_PROBLEM TO WORK ON_
Nothing but a number belongs in the answer: the count of lines below that contain the word "worn".

--- EXERCISE DATA Enclosed Below ---

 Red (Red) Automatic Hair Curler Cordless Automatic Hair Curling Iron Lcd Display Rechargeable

--- End of Enclosed EXERCISE DATA ---
--- EXERCISE DATA Enclosed Below ---

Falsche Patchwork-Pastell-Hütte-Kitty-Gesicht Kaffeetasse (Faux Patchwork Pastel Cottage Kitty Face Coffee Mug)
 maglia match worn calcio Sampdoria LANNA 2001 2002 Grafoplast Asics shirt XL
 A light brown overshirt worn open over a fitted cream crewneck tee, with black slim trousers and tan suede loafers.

--- End of Enclosed EXERCISE DATA ---
--- EXERCISE DATA Enclosed Below ---

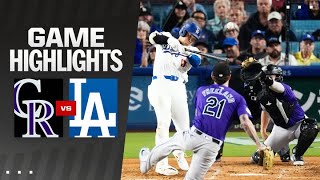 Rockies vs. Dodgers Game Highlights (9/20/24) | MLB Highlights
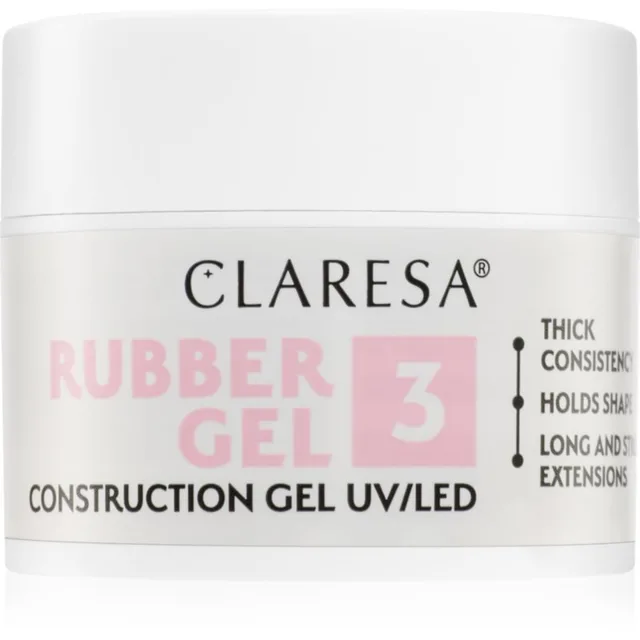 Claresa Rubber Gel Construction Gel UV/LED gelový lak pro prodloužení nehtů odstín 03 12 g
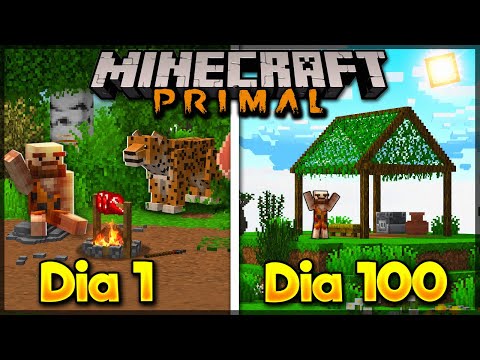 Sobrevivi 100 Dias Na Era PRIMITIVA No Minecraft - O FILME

--- End of Enclosed EXERCISE DATA ---

_RESPONSE AREA_
2